-- Task instructions --
Without the pictures, print the lines from the one holding "ladies hub Stylish" through the last line below, both included, exactly as they stand.

-- Data --
--
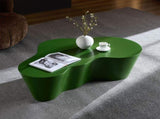 50 Inch Unique Shape Coffee Table Sturdy Fiberglass Tea Table for Living Room No Need Assembly GREEN W876P452391
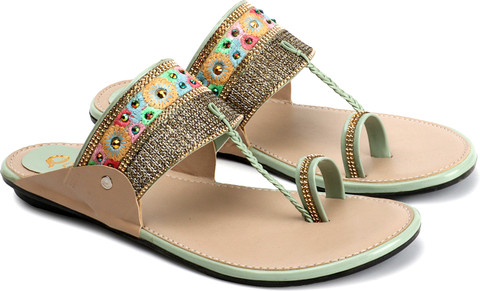 ladies hub Stylish Comfortable Ethnic Flat Kolhapuri Chappal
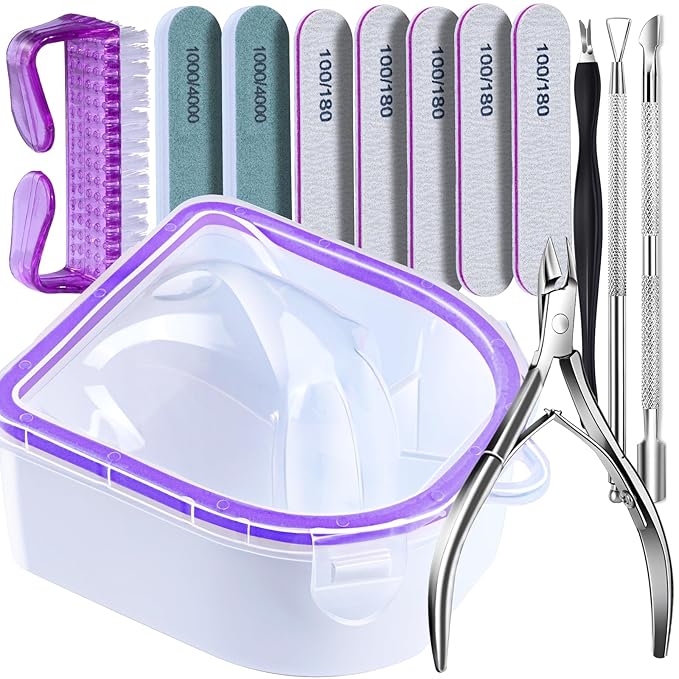 FANDAMEI Nail Soaking Bowl, Nail Soak Off Bowl, Dip Powder Remover Tools, Nail Remover Bowl, Manicure Bowls Nail Soaking, Cuticle Kit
--
-- Completed task --
 ladies hub Stylish Comfortable Ethnic Flat Kolhapuri Chappal
 FANDAMEI Nail Soaking Bowl, Nail Soak Off Bowl, Dip Powder Remover Tools, Nail Remover Bowl, Manicure Bowls Nail Soaking, Cuticle Kit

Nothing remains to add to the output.